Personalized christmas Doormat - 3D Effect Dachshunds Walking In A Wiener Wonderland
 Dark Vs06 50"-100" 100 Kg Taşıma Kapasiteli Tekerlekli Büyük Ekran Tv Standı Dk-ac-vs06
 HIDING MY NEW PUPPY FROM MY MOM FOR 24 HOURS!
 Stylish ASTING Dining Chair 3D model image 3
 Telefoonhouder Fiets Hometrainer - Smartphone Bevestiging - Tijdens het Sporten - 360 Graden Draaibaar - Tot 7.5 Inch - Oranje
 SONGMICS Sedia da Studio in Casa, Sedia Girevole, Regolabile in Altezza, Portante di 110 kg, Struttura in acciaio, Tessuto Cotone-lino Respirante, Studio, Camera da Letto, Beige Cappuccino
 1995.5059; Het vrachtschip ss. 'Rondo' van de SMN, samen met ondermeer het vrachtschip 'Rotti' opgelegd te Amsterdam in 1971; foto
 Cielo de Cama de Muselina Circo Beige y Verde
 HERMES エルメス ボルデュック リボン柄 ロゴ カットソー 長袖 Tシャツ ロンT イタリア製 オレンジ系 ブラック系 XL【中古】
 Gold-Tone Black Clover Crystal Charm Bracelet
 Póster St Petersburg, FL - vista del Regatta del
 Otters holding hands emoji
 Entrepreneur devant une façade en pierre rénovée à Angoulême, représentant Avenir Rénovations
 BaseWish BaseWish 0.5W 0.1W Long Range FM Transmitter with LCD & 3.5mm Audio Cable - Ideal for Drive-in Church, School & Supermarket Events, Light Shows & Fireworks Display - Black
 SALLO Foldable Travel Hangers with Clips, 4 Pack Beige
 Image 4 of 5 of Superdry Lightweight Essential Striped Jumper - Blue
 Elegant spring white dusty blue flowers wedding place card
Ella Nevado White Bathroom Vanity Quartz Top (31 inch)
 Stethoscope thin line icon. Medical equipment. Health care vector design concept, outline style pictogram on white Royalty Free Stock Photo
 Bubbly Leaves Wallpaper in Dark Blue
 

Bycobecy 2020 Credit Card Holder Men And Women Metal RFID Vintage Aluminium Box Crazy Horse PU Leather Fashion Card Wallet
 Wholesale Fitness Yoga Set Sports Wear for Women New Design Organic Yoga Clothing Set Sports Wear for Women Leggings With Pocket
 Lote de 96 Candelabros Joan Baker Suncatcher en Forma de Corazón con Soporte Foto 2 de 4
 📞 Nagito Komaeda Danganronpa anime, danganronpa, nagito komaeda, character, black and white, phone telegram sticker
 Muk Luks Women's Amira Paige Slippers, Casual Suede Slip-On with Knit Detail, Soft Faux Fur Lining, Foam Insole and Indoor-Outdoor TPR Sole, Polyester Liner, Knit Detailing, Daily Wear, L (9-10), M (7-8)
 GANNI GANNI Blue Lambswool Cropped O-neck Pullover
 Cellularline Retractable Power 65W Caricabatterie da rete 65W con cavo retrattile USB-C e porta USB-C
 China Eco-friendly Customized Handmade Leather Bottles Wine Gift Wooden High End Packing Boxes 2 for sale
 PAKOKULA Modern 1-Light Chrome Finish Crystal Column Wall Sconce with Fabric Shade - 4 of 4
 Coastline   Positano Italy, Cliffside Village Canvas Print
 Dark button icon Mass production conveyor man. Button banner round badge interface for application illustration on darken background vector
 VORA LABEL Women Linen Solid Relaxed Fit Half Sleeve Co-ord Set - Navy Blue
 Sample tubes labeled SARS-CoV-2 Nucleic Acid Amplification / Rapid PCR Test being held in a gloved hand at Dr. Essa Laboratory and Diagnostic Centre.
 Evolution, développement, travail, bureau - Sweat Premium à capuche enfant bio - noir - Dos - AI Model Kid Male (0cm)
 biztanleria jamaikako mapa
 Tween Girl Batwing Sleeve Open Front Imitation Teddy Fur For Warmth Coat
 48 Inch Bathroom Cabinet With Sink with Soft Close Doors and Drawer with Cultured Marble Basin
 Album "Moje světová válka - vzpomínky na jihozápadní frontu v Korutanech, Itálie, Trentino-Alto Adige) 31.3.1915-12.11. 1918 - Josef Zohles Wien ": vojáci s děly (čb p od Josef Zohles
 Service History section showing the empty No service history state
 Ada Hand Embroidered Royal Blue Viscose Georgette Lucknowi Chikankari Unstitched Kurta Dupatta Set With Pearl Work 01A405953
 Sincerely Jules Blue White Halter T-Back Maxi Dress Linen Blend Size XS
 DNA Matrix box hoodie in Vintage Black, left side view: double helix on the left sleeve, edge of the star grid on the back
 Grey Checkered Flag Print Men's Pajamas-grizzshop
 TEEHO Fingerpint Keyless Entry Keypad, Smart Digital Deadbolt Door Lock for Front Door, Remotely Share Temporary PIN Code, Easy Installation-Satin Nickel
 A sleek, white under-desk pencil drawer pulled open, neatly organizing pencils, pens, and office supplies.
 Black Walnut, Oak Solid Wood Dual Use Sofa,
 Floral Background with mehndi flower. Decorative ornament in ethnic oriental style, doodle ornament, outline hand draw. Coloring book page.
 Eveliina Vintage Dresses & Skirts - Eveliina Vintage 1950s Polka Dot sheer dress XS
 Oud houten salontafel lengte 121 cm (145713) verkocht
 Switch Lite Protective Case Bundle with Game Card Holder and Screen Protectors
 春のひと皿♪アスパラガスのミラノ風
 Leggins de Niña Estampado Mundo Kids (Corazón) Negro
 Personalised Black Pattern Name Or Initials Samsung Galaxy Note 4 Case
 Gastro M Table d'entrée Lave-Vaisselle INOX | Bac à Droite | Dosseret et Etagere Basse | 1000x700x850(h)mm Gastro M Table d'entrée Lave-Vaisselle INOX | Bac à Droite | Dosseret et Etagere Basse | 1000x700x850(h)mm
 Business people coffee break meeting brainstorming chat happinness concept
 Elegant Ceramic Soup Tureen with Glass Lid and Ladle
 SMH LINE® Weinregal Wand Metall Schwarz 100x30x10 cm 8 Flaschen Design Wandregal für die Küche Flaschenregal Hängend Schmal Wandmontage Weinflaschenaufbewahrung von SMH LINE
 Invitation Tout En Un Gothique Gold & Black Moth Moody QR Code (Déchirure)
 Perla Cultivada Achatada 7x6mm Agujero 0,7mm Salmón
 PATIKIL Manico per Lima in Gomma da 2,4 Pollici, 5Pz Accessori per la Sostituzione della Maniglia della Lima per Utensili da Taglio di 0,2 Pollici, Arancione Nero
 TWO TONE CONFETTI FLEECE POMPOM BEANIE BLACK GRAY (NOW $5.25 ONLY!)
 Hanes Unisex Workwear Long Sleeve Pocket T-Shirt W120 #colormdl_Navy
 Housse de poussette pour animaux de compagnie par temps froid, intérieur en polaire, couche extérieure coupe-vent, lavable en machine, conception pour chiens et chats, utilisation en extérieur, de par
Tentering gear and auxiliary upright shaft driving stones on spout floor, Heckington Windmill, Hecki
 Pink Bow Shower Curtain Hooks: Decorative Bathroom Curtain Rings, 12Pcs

▶ [What to do]: When a line in the data contains the string "outline", copy that line.

▶ [Solution]:
 Stethoscope thin line icon. Medical equipment. Health care vector design concept, outline style pictogram on white Royalty Free Stock Photo
 Floral Background with mehndi flower. Decorative ornament in ethnic oriental style, doodle ornament, outline hand draw. Coloring book page.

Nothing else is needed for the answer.